→ **RECORDS SHOWN**:

────────────────────────────────────────

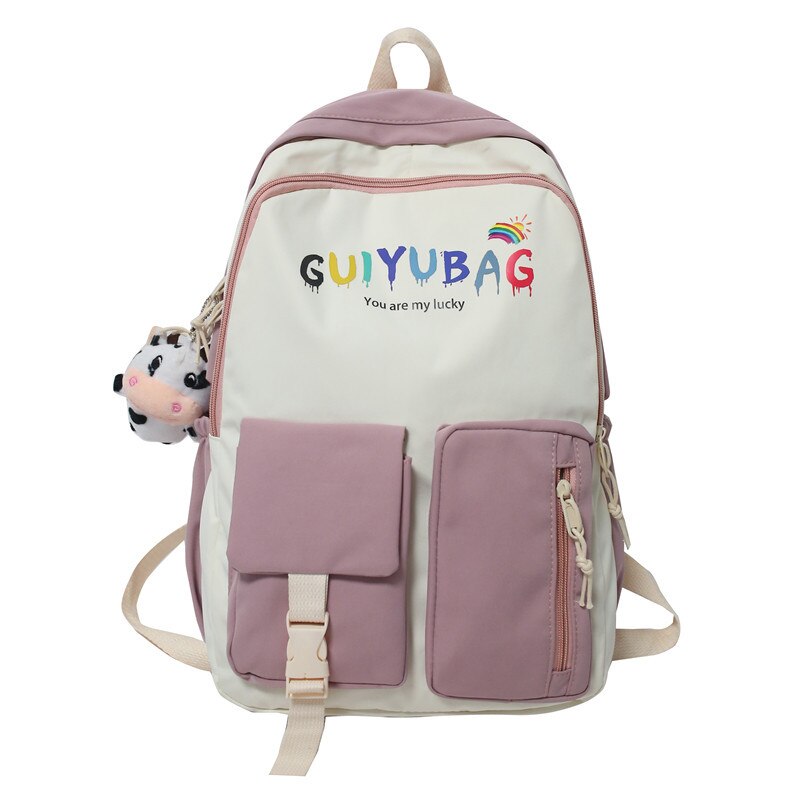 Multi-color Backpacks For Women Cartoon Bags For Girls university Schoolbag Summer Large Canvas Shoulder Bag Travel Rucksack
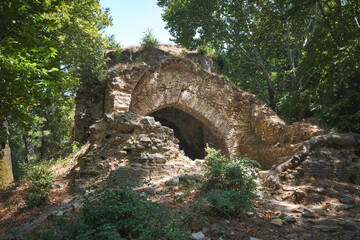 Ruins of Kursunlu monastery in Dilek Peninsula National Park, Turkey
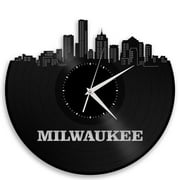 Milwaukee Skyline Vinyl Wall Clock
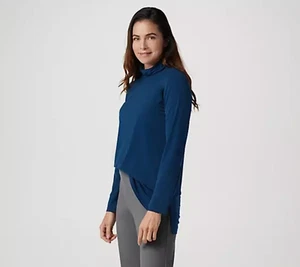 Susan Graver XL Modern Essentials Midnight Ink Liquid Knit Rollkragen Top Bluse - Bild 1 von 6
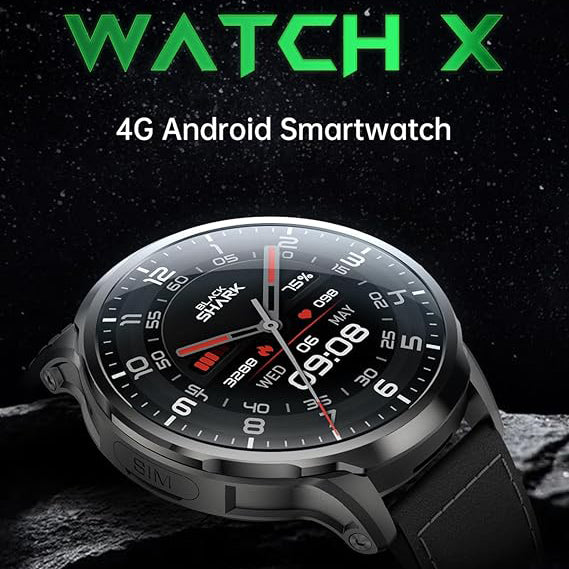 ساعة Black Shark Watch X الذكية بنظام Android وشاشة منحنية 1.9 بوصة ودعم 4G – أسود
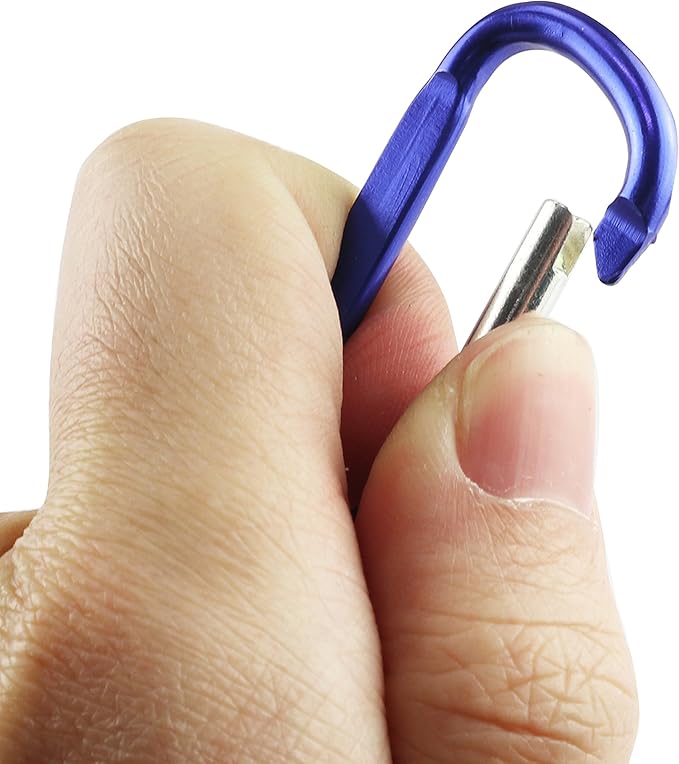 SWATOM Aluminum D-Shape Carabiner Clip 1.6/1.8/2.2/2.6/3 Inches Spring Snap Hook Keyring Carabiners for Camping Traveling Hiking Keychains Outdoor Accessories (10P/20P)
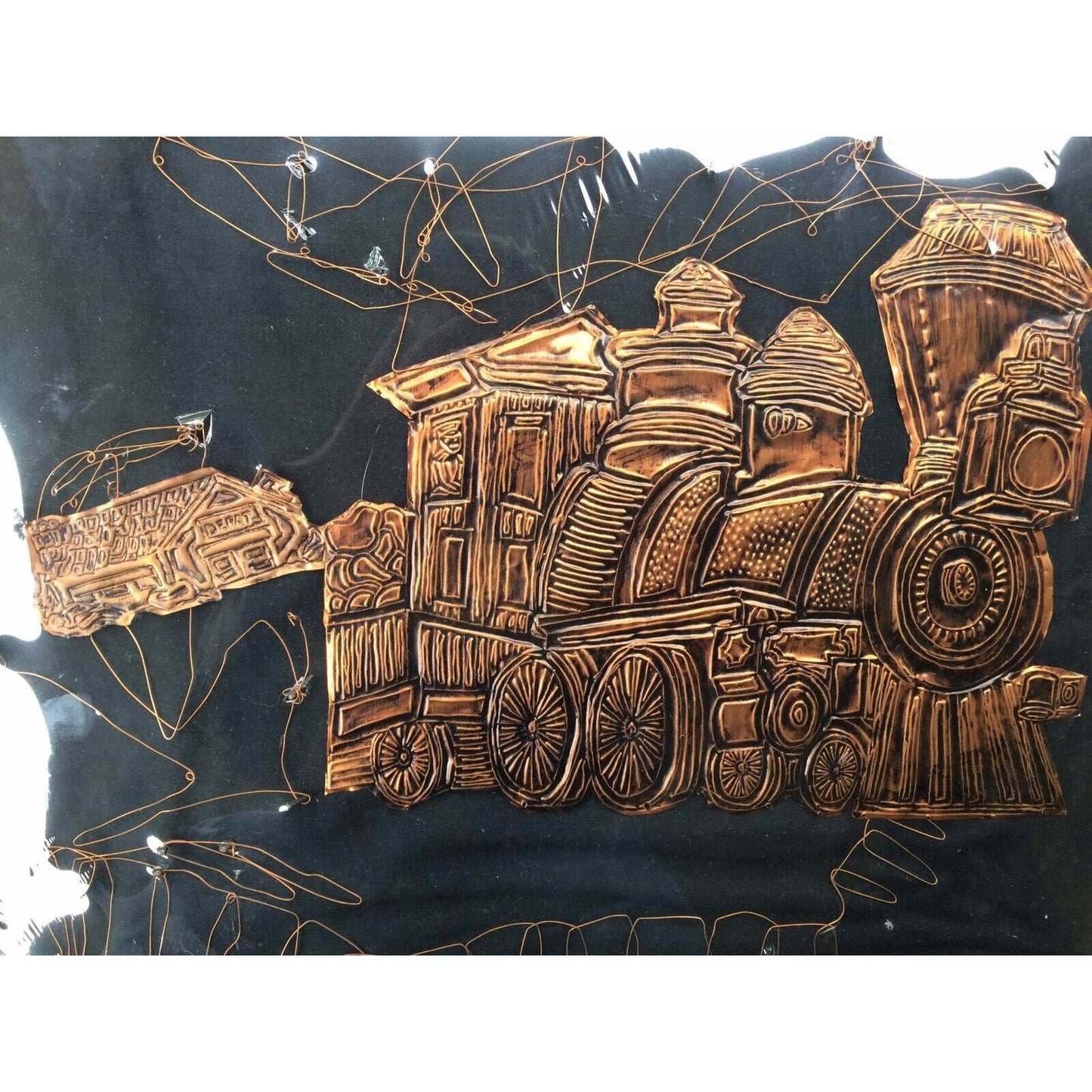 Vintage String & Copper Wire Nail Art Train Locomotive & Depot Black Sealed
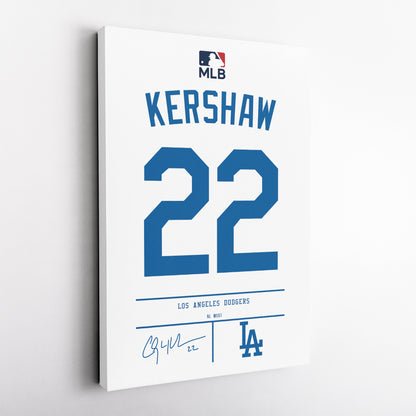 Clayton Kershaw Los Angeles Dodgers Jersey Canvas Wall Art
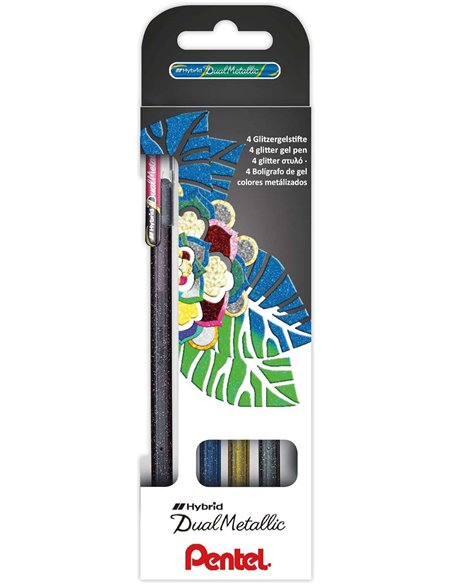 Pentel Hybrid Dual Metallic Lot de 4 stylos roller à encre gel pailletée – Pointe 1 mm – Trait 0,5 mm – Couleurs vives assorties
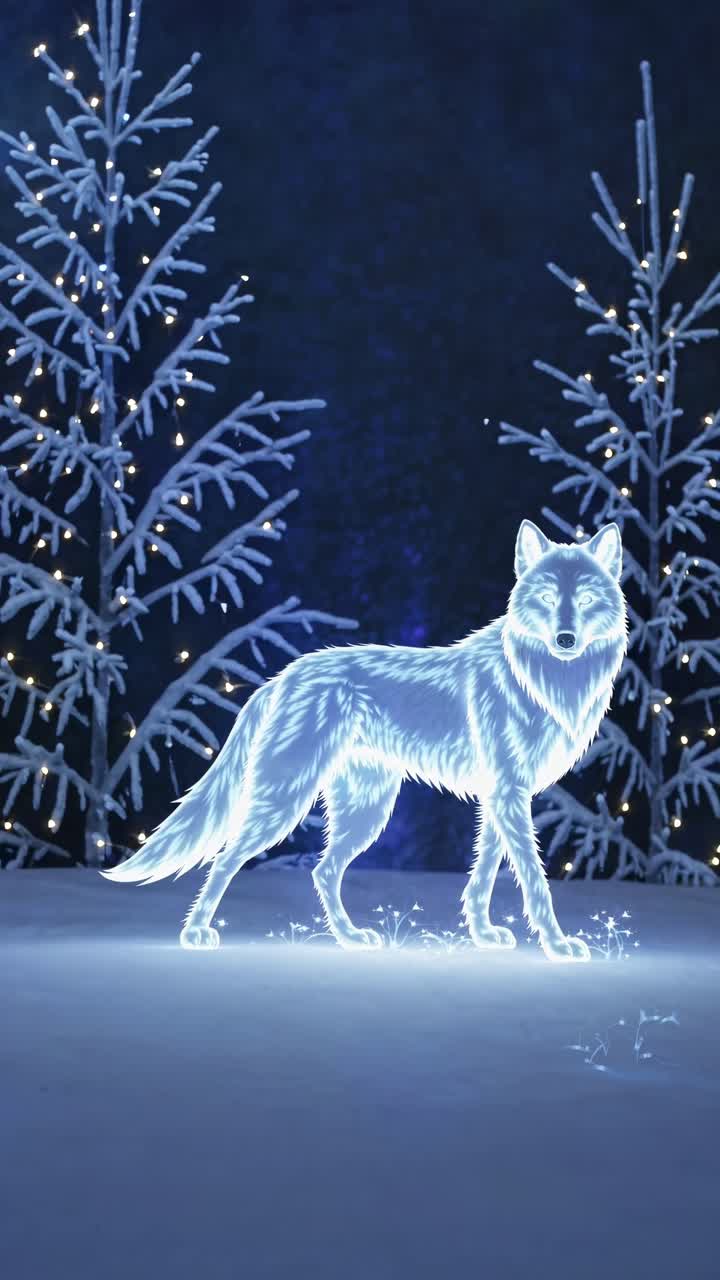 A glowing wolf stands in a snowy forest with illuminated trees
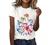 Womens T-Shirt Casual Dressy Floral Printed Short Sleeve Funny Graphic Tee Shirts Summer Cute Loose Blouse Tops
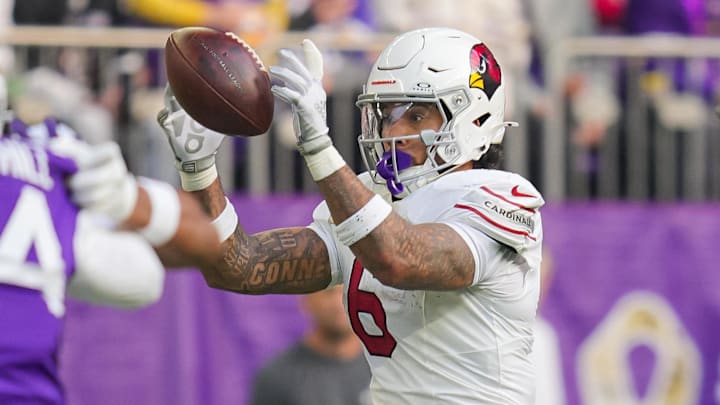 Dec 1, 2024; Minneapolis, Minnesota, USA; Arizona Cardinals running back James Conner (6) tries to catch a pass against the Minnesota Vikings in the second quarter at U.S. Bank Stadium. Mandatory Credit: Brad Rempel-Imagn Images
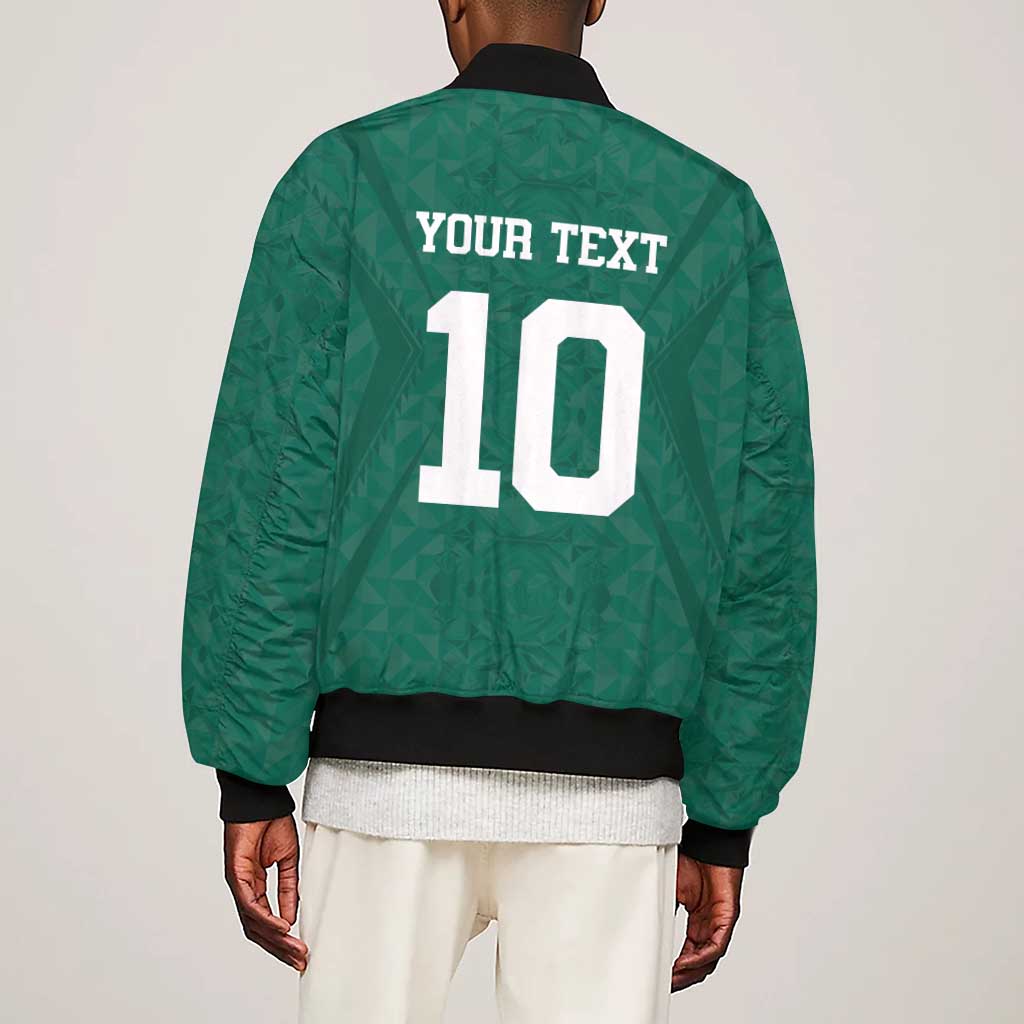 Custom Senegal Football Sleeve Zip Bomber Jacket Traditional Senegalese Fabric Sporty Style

────────────────────────────────────────

→ **WHAT IS REQUIRED**: Please print exactly the lines from the line containing "Womens T-Shirt Casual" through the end of the records above, both included, leaving out every picture.

→ **SOLUTION TO THIS TASK**:
 Womens T-Shirt Casual Dressy Floral Printed Short Sleeve Funny Graphic Tee Shirts Summer Cute Loose Blouse Tops
 Dec 1, 2024; Minneapolis, Minnesota, USA; Arizona Cardinals running back James Conner (6) tries to catch a pass against the Minnesota Vikings in the second quarter at U.S. Bank Stadium. Mandatory Credit: Brad Rempel-Imagn Images
 Custom Senegal Football Sleeve Zip Bomber Jacket Traditional Senegalese Fabric Sporty Style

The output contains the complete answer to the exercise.